If the two classifiers have identical features then do we say both are highly correlated?
Not necessarily, it depends on the bootstrapped samples as well. While bootstrapping the samples, there is a chance that the features are nearly the same for different trees leading to the same feature interpretability.
What situation do you think where bootstrapping is not applicable?
There are several conditions when bootstrapping is not appropriate, such for example when the population variance is infinite, or when the population values are discontinuous at the median. And, there are various conditions where tweaks to the bootstrapping process are necessary to adjust for bias.
How is the output value determined in the Random Forest Regression?
The algorithm operates by constructing multiple decision trees at training time and outputs by taking the mean of predictions of the individual trees.
How does the classification work for multi-class problems in Random Forest?

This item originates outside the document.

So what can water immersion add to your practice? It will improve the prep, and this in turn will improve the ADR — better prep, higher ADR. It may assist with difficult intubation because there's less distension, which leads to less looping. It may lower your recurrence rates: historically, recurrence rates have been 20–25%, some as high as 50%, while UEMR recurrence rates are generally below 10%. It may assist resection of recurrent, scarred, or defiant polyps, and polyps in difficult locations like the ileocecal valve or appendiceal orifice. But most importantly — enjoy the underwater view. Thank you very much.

Similar to Binary class predictions, it works the same on the multi-class use cases. At the final stage, the prediction is made based on the majority of the class among different class labels.
What value does the leaf nodes have in Decision Tree Regressor
In Random Forest Regression, leaf nodes contain the continuous values that can be used for outcome-based on conditions’ satisfiability.

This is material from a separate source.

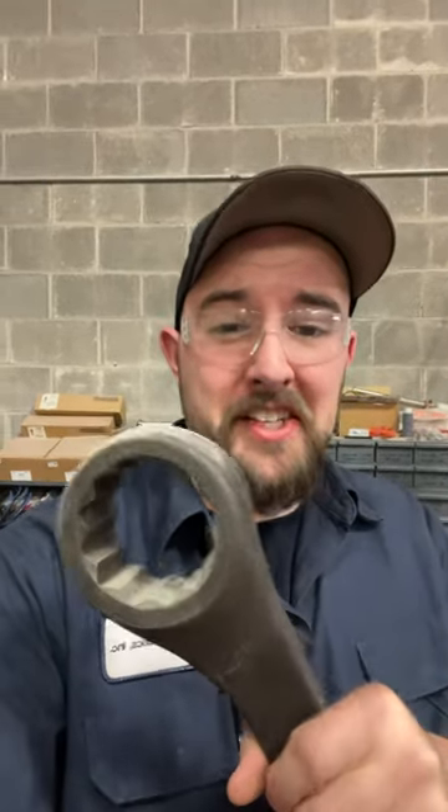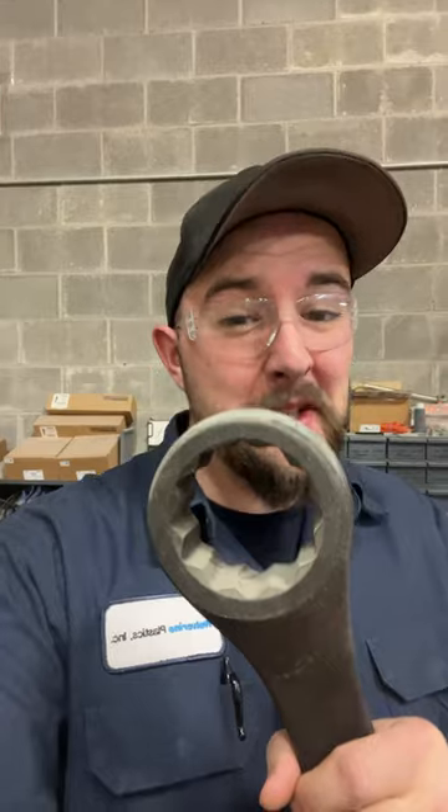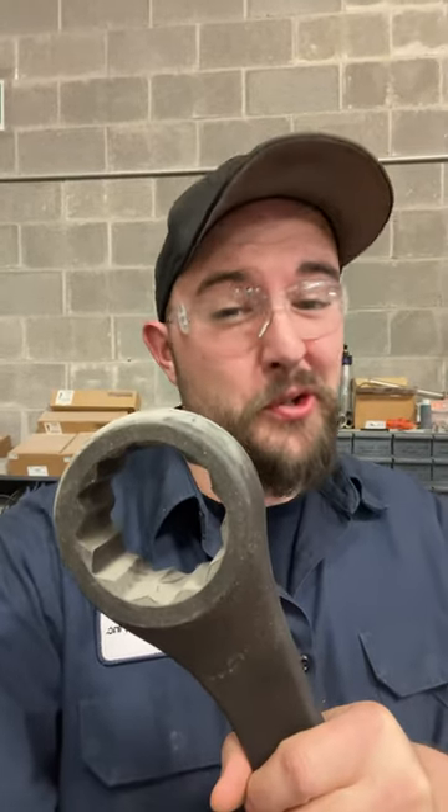And let's be honest — whenever you're dealing with a fastener this size, like this one in particular which is 65mm, gripping all six corners of that thing is usually more than enough.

Does Bagging handle the class imbalance?
We need to handle the data class imbalance before it passes to the model. Bagging models do not have an implicit mechanism to handle the class imbalance, so it should be handled beforehand.
In a random forest, what does “sampling the features at each node” mean?
It means that we are taking a subset of all features to decide the best split at each stage, unlike decision trees where we use all the features at each stage.
Does ensemble models computationally expensive?
Yes, it is more computationally expensive than the traditional machine learning algorithms. The bagging usually creates n number of trees and fits on different subsets of the data. For a larger chunk of data, training ensemble models takes a huge time and RAM.